>>>>

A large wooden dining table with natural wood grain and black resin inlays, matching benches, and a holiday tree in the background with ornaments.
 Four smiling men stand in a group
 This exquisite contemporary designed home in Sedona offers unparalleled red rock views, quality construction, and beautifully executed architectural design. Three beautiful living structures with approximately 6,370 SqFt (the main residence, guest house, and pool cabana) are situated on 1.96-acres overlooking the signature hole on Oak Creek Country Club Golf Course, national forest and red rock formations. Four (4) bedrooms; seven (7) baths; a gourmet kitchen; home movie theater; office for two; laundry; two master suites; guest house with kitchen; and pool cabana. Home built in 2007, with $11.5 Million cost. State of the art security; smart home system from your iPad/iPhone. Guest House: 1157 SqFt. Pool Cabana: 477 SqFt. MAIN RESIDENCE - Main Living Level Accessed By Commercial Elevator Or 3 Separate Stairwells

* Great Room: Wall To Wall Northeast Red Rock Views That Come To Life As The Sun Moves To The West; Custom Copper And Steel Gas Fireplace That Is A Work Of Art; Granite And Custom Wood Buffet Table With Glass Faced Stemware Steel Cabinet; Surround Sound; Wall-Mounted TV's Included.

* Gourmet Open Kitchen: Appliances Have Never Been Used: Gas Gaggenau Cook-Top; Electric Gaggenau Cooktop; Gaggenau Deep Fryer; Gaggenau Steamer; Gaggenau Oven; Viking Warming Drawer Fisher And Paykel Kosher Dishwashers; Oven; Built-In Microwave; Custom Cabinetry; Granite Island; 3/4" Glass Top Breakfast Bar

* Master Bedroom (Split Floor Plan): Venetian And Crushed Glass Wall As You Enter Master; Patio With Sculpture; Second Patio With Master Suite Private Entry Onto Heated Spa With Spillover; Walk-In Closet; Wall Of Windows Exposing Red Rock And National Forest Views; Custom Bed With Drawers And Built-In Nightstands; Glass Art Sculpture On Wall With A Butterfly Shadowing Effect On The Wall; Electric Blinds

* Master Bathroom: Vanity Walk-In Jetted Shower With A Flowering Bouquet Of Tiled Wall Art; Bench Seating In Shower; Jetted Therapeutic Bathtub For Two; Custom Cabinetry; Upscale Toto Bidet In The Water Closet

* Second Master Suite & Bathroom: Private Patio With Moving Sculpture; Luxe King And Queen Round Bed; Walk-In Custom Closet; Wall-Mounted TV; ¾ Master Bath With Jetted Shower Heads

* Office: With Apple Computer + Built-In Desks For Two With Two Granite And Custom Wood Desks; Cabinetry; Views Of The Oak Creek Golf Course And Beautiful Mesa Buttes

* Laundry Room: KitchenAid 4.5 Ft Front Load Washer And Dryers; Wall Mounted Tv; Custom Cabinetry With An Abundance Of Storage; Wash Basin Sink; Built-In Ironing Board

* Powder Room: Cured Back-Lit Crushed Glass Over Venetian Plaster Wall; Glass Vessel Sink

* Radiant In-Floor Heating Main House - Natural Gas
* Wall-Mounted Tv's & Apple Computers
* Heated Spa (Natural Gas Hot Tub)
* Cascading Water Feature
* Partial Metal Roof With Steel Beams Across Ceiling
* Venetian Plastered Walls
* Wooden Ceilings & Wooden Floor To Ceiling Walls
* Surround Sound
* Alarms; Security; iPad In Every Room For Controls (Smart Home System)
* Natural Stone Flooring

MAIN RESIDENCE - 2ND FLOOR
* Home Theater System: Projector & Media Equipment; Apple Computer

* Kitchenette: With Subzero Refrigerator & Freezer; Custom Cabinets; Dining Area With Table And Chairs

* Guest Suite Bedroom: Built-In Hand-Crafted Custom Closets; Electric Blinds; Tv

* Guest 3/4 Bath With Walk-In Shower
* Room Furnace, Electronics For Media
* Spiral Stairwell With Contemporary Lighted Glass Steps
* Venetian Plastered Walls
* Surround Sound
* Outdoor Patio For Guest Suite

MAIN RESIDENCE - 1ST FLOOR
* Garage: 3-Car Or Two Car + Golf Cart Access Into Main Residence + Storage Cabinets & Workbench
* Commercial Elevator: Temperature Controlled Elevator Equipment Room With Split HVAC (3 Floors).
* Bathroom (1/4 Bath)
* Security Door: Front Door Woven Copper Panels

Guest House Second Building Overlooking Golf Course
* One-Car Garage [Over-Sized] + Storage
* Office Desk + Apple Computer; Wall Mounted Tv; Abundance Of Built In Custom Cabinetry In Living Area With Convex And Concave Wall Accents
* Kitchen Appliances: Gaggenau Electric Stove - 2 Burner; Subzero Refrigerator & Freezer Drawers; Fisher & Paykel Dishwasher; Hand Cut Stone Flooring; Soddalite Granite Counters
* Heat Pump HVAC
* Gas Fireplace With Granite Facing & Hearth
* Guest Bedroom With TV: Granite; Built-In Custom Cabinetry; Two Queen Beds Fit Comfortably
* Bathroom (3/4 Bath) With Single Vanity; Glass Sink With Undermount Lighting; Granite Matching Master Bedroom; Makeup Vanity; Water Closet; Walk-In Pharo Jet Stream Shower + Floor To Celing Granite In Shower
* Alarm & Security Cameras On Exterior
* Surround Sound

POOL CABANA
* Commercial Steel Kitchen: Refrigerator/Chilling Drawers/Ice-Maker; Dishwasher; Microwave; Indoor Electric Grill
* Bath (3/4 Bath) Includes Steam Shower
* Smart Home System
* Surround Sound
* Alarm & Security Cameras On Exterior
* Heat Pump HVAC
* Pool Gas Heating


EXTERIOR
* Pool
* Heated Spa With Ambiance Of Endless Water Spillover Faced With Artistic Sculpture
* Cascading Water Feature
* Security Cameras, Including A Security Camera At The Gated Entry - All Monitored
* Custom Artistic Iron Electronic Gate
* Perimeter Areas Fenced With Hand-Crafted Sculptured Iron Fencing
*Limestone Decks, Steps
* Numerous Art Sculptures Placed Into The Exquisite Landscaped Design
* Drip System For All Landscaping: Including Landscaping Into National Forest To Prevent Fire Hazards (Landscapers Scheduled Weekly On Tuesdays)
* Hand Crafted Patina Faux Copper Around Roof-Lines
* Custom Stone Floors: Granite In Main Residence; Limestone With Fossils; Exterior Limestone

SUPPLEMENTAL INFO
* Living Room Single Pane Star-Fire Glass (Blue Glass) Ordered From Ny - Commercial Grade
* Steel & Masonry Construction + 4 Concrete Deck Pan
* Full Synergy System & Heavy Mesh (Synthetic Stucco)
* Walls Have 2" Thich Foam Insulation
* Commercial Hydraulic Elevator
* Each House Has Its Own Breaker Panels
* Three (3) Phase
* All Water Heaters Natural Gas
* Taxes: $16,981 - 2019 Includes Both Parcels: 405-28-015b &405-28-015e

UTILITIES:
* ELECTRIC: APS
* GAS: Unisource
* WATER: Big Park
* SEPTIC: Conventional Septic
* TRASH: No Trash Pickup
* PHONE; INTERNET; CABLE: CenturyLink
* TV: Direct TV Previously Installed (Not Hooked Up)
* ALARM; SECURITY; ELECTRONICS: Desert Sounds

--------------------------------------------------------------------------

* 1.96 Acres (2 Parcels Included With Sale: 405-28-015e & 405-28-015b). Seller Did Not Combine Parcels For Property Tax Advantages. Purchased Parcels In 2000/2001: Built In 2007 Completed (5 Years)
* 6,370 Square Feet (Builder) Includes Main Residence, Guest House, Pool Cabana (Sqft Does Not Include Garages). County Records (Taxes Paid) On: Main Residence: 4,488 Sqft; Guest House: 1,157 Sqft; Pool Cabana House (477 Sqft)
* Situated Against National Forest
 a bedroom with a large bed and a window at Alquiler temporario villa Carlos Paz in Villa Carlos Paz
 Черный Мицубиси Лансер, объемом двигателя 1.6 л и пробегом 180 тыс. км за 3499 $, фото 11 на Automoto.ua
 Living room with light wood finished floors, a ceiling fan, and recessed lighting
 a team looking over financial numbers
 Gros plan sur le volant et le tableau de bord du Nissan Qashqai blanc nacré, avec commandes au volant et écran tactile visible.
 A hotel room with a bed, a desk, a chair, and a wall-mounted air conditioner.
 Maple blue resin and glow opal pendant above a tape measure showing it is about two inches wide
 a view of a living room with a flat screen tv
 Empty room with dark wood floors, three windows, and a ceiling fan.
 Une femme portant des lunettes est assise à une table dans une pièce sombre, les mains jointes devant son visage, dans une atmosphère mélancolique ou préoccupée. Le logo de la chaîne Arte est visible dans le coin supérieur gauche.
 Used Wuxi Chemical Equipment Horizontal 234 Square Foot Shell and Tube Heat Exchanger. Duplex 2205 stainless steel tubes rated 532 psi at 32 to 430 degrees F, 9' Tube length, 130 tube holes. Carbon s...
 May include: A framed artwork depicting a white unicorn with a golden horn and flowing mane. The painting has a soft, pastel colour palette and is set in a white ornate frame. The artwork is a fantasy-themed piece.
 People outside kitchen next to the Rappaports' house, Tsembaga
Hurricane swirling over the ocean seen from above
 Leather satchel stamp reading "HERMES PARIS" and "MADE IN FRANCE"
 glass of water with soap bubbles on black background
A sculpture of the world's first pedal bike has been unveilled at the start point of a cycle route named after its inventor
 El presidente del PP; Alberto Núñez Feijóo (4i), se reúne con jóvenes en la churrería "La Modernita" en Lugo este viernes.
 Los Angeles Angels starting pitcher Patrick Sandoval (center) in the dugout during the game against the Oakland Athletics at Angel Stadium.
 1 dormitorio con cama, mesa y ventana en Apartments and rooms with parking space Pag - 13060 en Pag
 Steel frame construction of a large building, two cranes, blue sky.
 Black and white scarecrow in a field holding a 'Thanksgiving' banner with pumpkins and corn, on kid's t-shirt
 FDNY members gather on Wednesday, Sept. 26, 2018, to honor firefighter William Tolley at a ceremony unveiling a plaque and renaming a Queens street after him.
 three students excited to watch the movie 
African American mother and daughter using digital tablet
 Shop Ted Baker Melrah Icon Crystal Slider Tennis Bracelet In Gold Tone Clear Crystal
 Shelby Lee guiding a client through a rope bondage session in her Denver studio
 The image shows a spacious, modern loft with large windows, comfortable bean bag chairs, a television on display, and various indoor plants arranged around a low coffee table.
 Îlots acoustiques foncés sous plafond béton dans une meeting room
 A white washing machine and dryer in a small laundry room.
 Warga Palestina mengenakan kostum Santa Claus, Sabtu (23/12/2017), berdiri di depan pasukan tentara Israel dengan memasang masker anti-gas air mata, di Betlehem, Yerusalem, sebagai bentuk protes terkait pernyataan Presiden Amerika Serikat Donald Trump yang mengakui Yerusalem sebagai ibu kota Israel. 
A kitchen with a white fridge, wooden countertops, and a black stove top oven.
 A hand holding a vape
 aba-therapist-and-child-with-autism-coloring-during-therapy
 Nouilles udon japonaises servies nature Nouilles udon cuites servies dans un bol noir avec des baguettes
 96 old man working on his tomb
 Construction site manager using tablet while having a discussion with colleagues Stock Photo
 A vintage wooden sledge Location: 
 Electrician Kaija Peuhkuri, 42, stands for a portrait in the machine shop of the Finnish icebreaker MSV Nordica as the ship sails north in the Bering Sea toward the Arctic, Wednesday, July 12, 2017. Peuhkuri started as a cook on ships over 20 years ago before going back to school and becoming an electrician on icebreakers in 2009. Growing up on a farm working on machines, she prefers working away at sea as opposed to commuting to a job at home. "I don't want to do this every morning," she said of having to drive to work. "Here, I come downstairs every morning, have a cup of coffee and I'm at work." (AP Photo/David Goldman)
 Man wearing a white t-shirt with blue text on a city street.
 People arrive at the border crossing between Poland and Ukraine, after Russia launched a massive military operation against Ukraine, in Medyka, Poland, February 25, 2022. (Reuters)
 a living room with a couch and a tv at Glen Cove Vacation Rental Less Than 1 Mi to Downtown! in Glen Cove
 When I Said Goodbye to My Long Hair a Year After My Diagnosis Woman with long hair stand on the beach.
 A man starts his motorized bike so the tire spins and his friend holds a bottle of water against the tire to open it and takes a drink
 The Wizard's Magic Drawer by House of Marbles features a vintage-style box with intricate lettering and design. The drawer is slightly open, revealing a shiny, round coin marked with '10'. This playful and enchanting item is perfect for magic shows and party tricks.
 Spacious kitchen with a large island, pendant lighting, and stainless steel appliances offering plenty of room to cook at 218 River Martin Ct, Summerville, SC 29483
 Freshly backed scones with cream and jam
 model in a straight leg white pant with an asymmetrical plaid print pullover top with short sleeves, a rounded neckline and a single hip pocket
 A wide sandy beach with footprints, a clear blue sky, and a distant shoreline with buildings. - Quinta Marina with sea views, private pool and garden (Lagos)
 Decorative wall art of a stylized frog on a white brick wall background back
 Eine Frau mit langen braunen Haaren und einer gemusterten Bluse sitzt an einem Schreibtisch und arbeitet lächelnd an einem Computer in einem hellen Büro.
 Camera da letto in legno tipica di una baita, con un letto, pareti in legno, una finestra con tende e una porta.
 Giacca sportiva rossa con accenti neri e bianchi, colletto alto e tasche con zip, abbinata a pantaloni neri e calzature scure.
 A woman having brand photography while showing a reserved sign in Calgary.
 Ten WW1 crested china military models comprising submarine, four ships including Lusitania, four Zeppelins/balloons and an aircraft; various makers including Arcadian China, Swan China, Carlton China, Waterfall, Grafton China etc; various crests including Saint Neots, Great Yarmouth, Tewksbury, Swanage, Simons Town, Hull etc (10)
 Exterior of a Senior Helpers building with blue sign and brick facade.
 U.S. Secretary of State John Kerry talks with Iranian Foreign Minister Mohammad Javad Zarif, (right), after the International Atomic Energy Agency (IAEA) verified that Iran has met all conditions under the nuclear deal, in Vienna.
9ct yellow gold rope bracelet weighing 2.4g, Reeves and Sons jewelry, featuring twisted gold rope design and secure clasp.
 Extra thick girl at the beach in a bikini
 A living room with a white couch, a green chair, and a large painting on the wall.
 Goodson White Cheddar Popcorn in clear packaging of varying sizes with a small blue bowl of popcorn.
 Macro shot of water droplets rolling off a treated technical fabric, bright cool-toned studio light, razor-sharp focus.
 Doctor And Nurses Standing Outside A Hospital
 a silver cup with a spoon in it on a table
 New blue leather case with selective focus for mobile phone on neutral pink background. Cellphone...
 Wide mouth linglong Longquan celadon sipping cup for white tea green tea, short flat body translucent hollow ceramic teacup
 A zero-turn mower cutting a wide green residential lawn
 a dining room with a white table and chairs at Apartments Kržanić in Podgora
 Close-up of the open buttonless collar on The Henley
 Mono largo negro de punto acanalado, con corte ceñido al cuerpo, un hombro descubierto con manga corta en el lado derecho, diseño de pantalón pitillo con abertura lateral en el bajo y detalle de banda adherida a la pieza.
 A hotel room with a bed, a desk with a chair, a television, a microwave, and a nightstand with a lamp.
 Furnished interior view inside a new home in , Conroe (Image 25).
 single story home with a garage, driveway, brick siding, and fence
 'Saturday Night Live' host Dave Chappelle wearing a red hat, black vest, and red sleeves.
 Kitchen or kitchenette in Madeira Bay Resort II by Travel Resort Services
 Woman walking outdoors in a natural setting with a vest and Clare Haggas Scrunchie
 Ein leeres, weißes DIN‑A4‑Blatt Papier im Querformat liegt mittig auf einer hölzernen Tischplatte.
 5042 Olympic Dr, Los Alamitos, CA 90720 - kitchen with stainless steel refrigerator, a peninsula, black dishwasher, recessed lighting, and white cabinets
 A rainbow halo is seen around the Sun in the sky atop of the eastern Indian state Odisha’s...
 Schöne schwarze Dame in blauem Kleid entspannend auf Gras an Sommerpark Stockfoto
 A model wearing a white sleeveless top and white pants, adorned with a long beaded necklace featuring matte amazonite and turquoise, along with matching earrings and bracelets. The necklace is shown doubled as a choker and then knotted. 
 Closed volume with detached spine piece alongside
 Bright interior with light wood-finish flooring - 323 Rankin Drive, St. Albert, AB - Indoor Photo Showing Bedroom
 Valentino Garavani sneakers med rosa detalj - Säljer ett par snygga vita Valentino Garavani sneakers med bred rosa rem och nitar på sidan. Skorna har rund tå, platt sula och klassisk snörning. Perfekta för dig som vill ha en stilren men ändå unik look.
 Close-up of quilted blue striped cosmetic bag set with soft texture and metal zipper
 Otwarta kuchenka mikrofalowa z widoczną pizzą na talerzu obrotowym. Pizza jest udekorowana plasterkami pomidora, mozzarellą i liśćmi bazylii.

<<<<

TASK
In the entries above, the lines between the one holding "Parcels: 405-28-015b &405-28-015e" and the one holding "a bedroom with", inclusive, are to be printed exactly as written, and those alone.

RESPONSE
* Taxes: $16,981 - 2019 Includes Both Parcels: 405-28-015b &405-28-015e

UTILITIES:
* ELECTRIC: APS
* GAS: Unisource
* WATER: Big Park
* SEPTIC: Conventional Septic
* TRASH: No Trash Pickup
* PHONE; INTERNET; CABLE: CenturyLink
* TV: Direct TV Previously Installed (Not Hooked Up)
* ALARM; SECURITY; ELECTRONICS: Desert Sounds

--------------------------------------------------------------------------

* 1.96 Acres (2 Parcels Included With Sale: 405-28-015e & 405-28-015b). Seller Did Not Combine Parcels For Property Tax Advantages. Purchased Parcels In 2000/2001: Built In 2007 Completed (5 Years)
* 6,370 Square Feet (Builder) Includes Main Residence, Guest House, Pool Cabana (Sqft Does Not Include Garages). County Records (Taxes Paid) On: Main Residence: 4,488 Sqft; Guest House: 1,157 Sqft; Pool Cabana House (477 Sqft)
* Situated Against National Forest
 a bedroom with a large bed and a window at Alquiler temporario villa Carlos Paz in Villa Carlos Paz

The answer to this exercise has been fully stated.